▶ _EXERCISE_
Within the listing below, give again exactly the lines between the one containing "横浜市戸塚区戸塚町の賃貸マンションの玄関" and the one containing "Used 2023 GMC Yukon XL SLT AWD/4WD image 70", inclusive, pictures left aside.

▶ _DATA EXCERPTS_
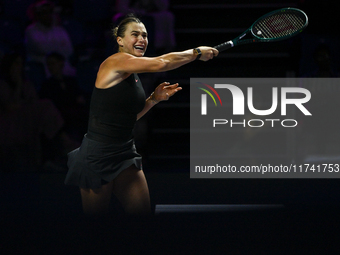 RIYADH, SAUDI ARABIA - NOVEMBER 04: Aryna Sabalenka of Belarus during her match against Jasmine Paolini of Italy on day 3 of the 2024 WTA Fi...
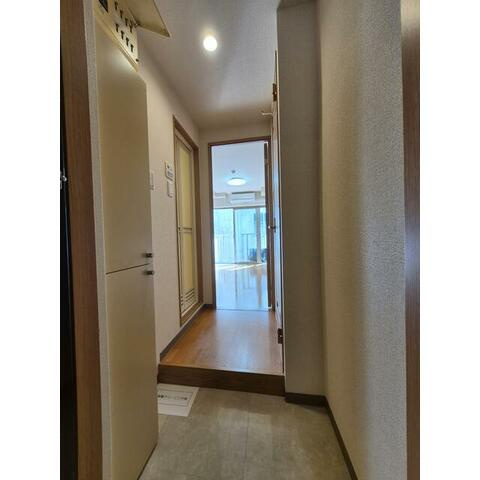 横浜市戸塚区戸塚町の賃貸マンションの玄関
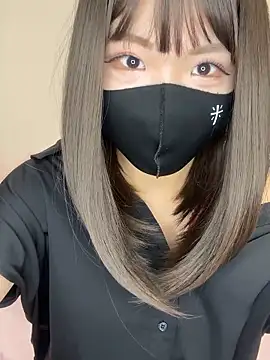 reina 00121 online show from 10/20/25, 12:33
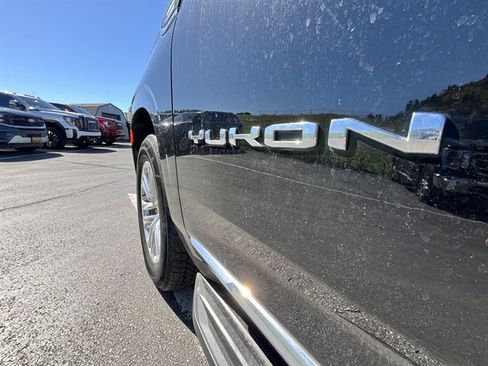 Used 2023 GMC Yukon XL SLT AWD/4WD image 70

...

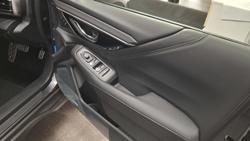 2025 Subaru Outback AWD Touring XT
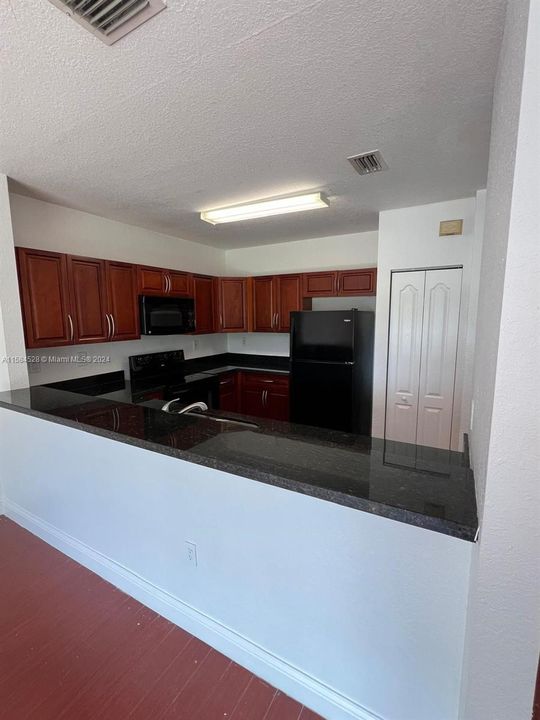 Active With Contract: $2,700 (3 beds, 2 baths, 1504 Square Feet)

* * *

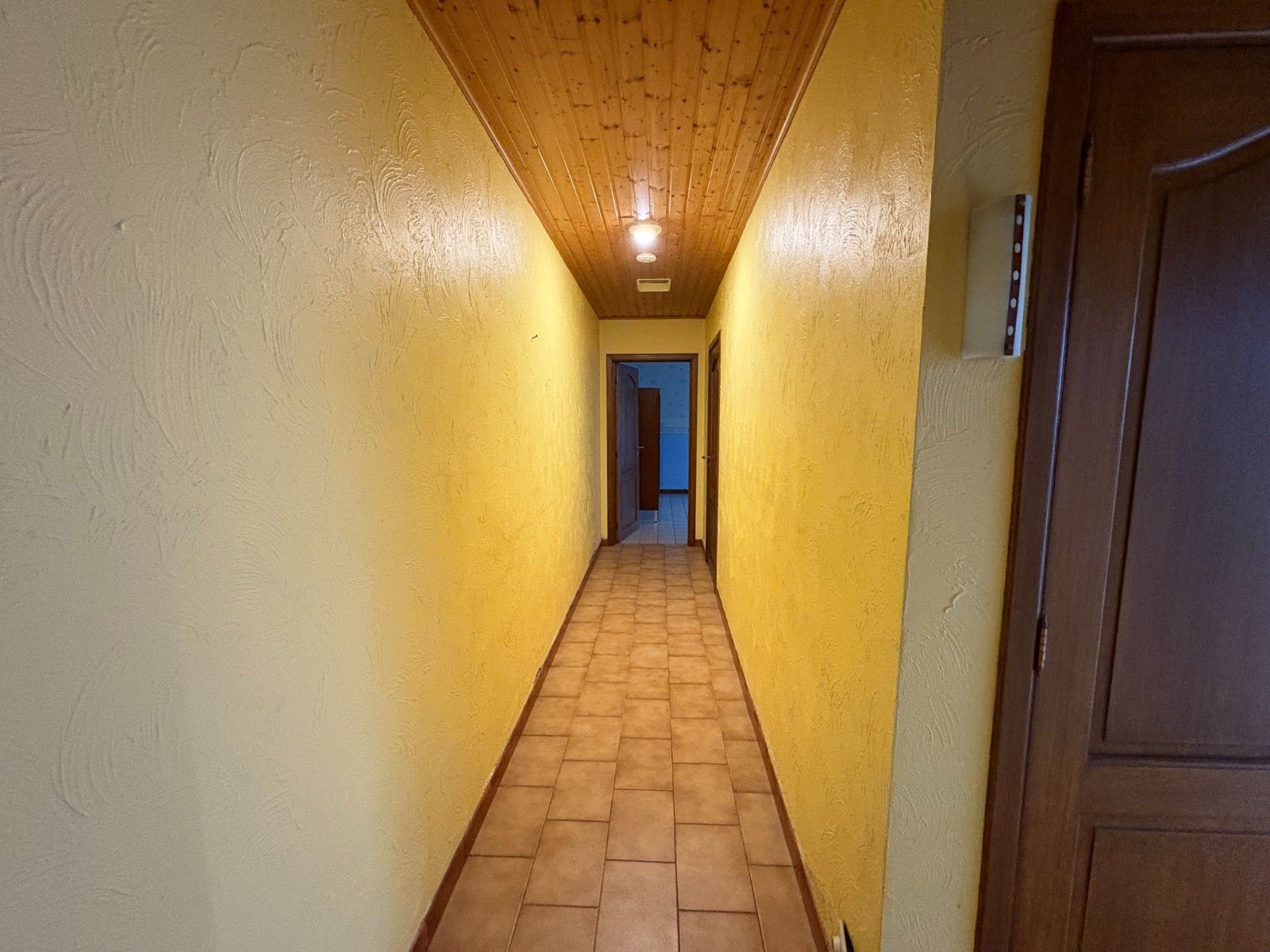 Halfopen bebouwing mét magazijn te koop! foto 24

▶ _EXERCISE RESULT_
 横浜市戸塚区戸塚町の賃貸マンションの玄関
 reina 00121 online show from 10/20/25, 12:33
 Used 2023 GMC Yukon XL SLT AWD/4WD image 70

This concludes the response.